Well, now that I’ve met the woman of my dreams, and a romp
is imminent, my boyfriend is saying that it will be “cheating,”
and if I can play with someone else, so can he. Is two women,
no body fluids exchanged, foreplay-style sex truly cheating?
Even if I discussed it with him from day one?
—50/50
on the Westside
Yes,
it’s cheating. You’re involved with a guy, you’re going to
have sex with a girl—if your steady boyfriend feels that’s
cheating, then it counts as cheating. Didn’t you warn him
in advance that there would be women? Yes, you did. But that
doesn’t mean you’re not cheating.

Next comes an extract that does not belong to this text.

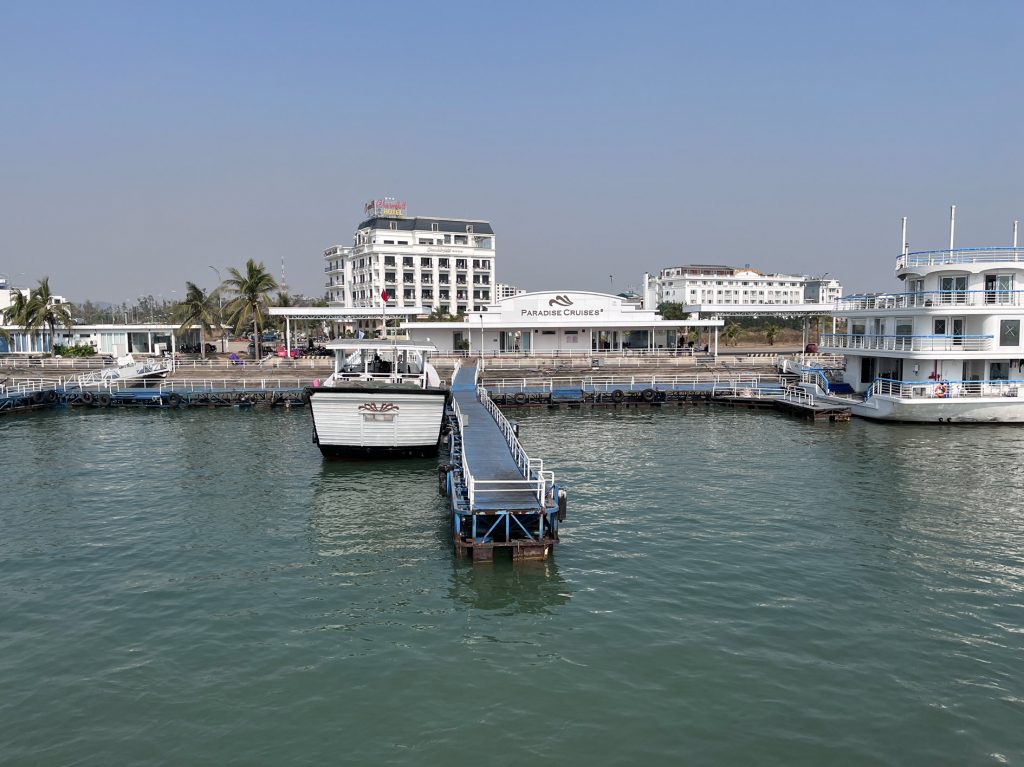 Crucero en la Bahía de Ha Long… nuestra experiencia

If I warn you in advance
that I’m going to fuck you in the ass that doesn’t mean it’s
not buttfucking when I get around to fucking you in the ass,
does it?
Finally, “no body fluids exchanged, foreplay-style sex” is
still sex—and it’s rather self-serving of you to suggest that
it isn’t. I pity the poor straight man who suggests to a room
full of lesbians or bisexual women that girl-on-girl sex isn’t
really sex because it’s only so much foreplay and there are
no body fluids exchanged. It is sex, it counts, and if you’re
doing it with someone other than your boyfriend, it’s cheating.
If you don’t want your boyfriend sleeping with other people,
then you shouldn’t sleep with other people.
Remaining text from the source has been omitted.